Estructura y cronografía del filme
Por la cantidad de personajes que circula por la película, las muchas historias que se entrecruzan y la extenso del tiempo que abarca el relato (veinte años), se tiene la impresión de que se trata de un relato confuso y dilatado. Nada más alejado de la realidad: uno de los primeros méritos de Ciudad de Dios es su geométrica estructura y su concisa, elíptica narración, que omite detalles para ganar claridad en la exposición de los hechos.
Así, la cinta está dividida en tres secciones bien diferenciadas, tanto argumental como estructuralmente, correspondiendo cada una de ellas a una década; y las tres a su vez se inscriben en una línea circular. Cada sección tiene su propio estilo visual, tempo, música, color y textura; exposición, nudo y desenlace, y se enlaza con la siguiente mediante elaboradas elipsis, que hacen recordar las de La Condesa Descalza (Joseph L. Manckiewicz,1954).

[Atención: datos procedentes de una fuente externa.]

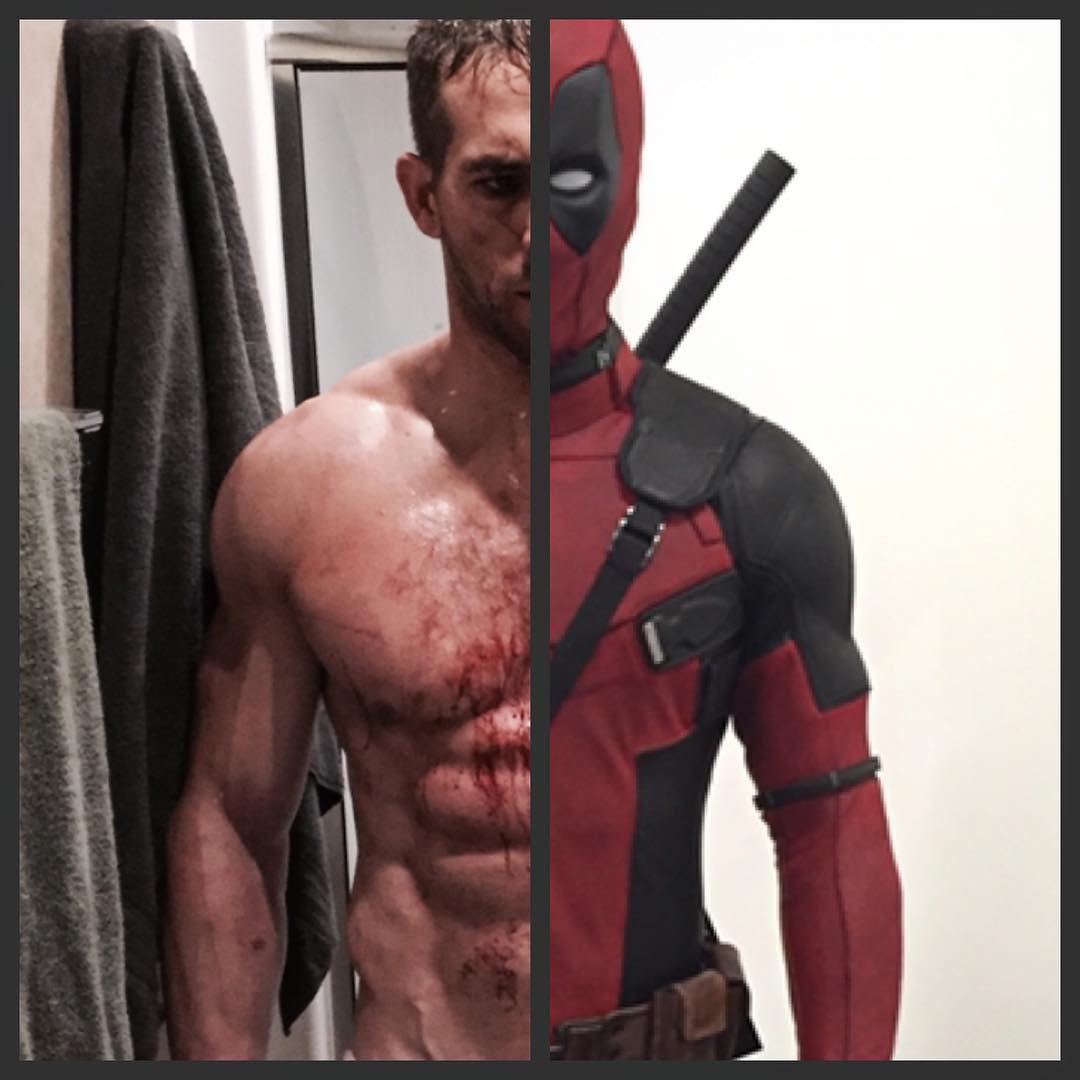 Ryan Reynolds shows off abs under 'Deadpool' movie suit Reality TV World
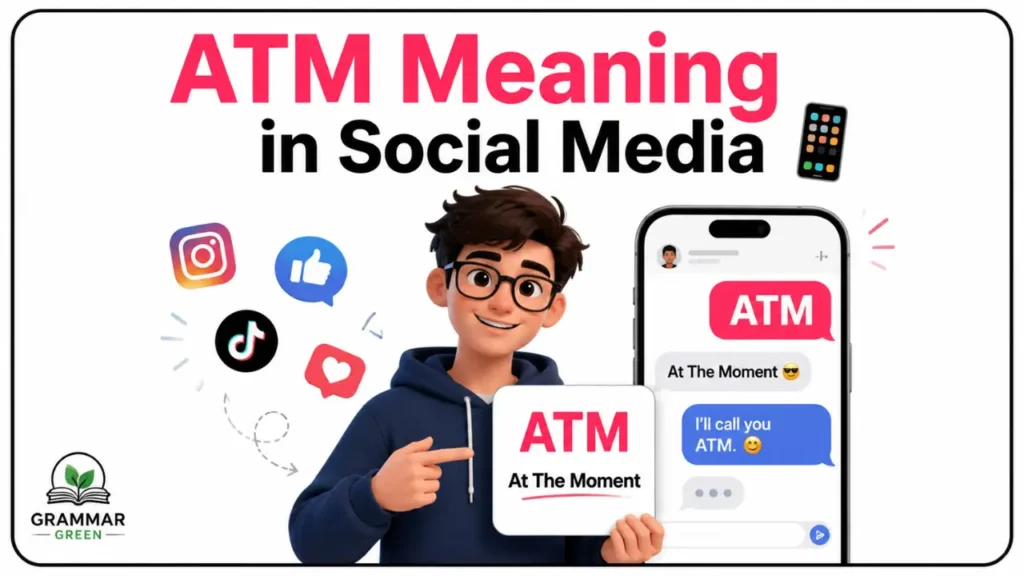 ATM Meaning in Social Media 📲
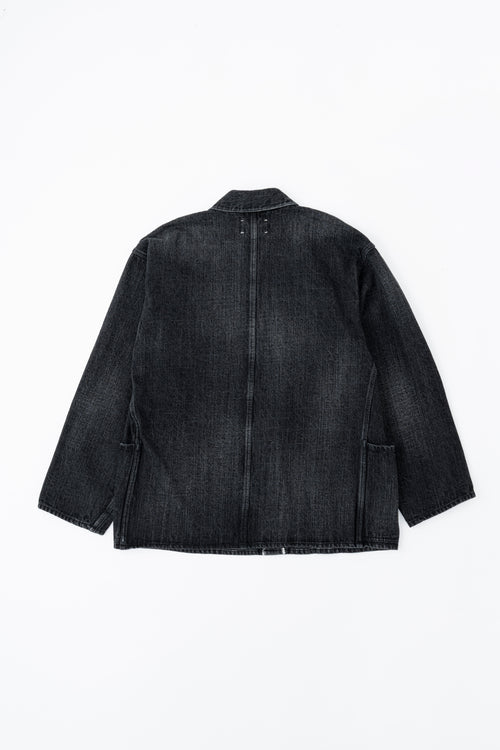 YOKO SAKAMOTO PLEATS JACKET Fade Black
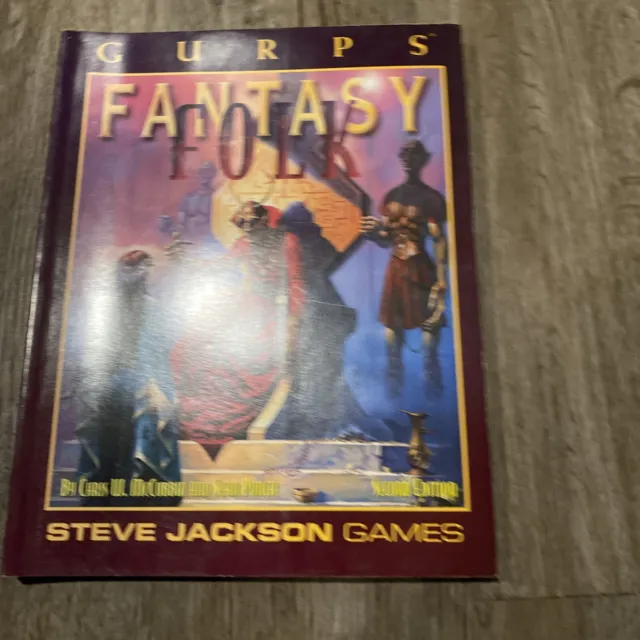 GURPS Fantasy Folk Second Edition, 2000 Soft cover, Steve Jackson Games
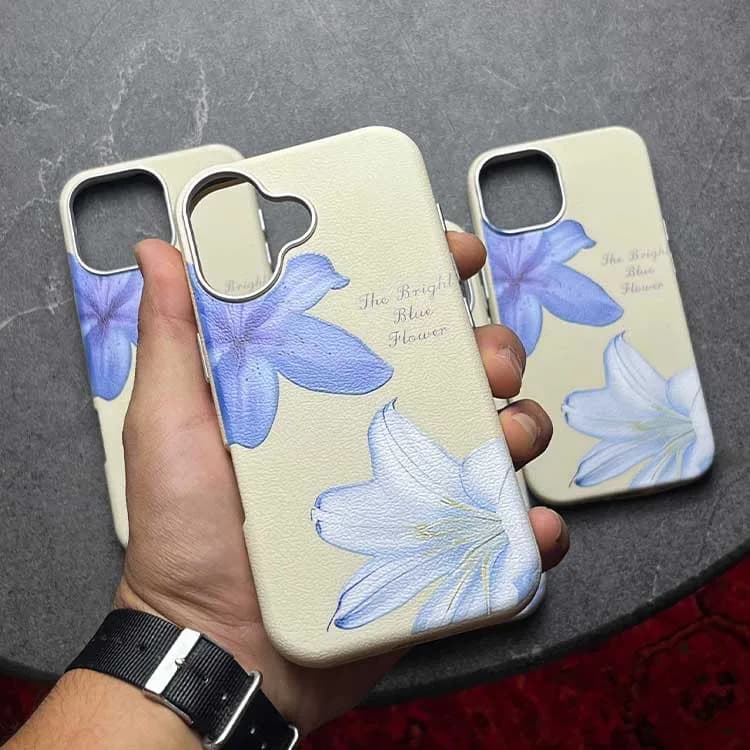 قاب لیلیوم آبی مدل iPhone 13 Pro | قاب فانتزی شیک — تصویر ۳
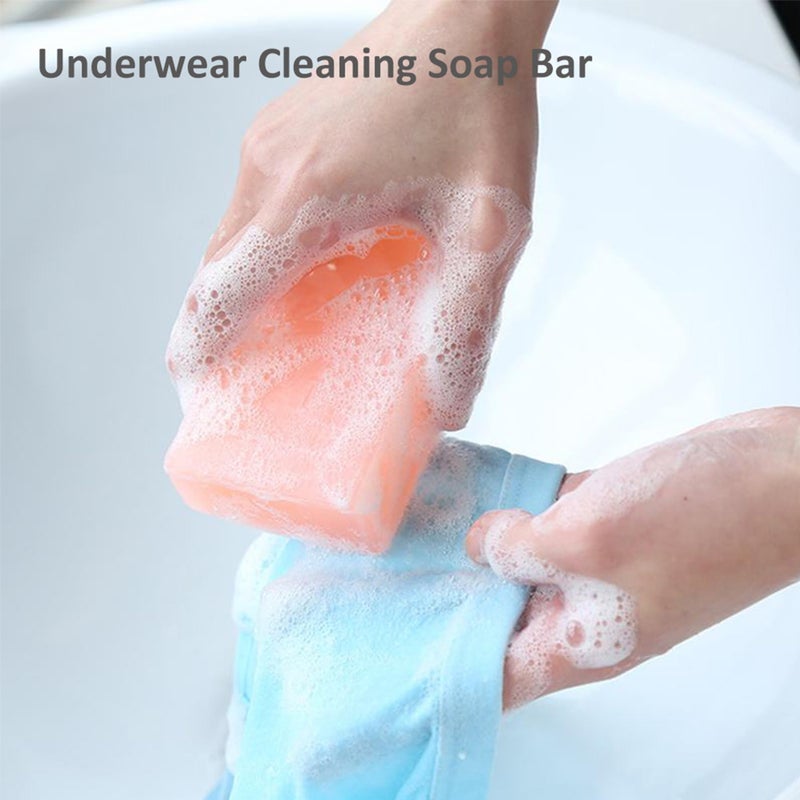 BEE & FLOWER Fan Underwear Cleaning Soap Bar Underwear Laundry Bar Soap for Clothes, Bars, Panties, Lingerie Washing by Hand (6.3 Oz x 4) - Image 2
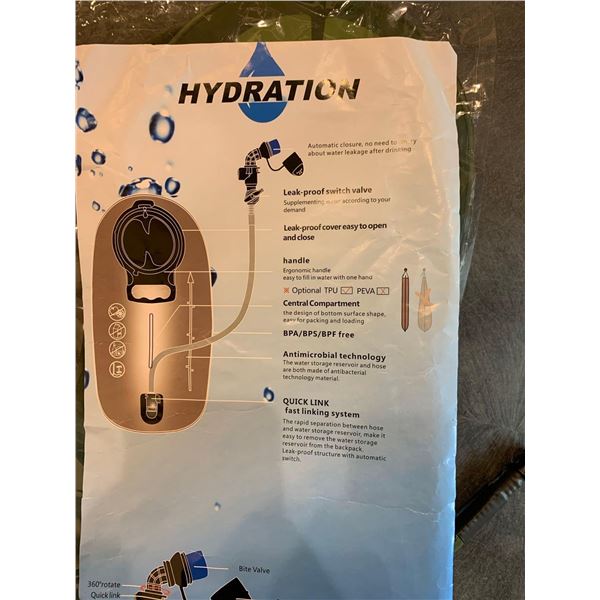 Hydration camel back / wearable water backpack for drinking water on the go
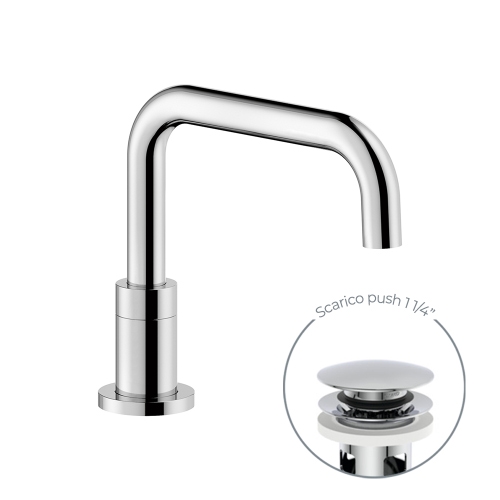 Immagine di Nobili LIVE bocca per miscelatore monocomando per lavabo, con scarico 1 1/4" push, finitura cromo AV00156/23CR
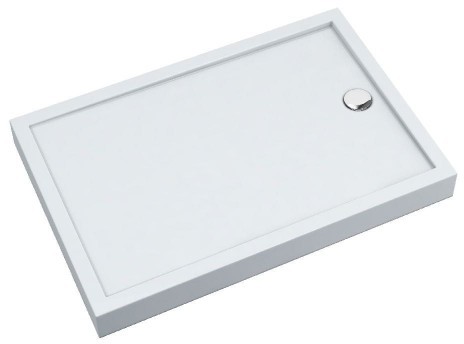 Schedpol Competia New brodzik prostokątny odpływ na środku krótkiego boku 70x120 cm 3.4866 3.4866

La primera parte se ubicada en los años 60 y coincide con la edificación y reparto, a víctimas de desastres naturales, de la Ciudad de Dios, émula fallida de aquella utopía de San Agustín. Se centra en la historia del llamado Trío Ternura, tres mocetones incultos de extracción campesina que viven desenfadadamente su primera juventud, dedicados al robo en pequeña escala, con intenciones más bien deportivas y de subsistencia que verdaderamente criminales: Roban jugando, entregando el dinero a sus padres o bien, a la manera de Robin Hood, quitándolo a los ricos para repartirlo a los pobres. Se siente un aire nostálgico, casi romántico en estos recuerdos de Buscapié, negrito de once años, que en compañía de sus amigos Dadinho y Bené, admira y sigue las peripecias de sus mayores. Pero mientras sus amigos hacen todo lo posible por empuñar un arma e imitar a sus héroes, él les teme y prefiere alejarse de ellas.
Una amable luz dorada, ocre, amarilla baña con sus reflejos las calles sin pavimentar, las blancas estructuras de las casitas en serie de la favela y el ambiente caluroso envuelve las travesuras de mayores que se portan como niños y de un niño, Daninho, que muestra mayor disposición para la delincuencia que los modelos que imita.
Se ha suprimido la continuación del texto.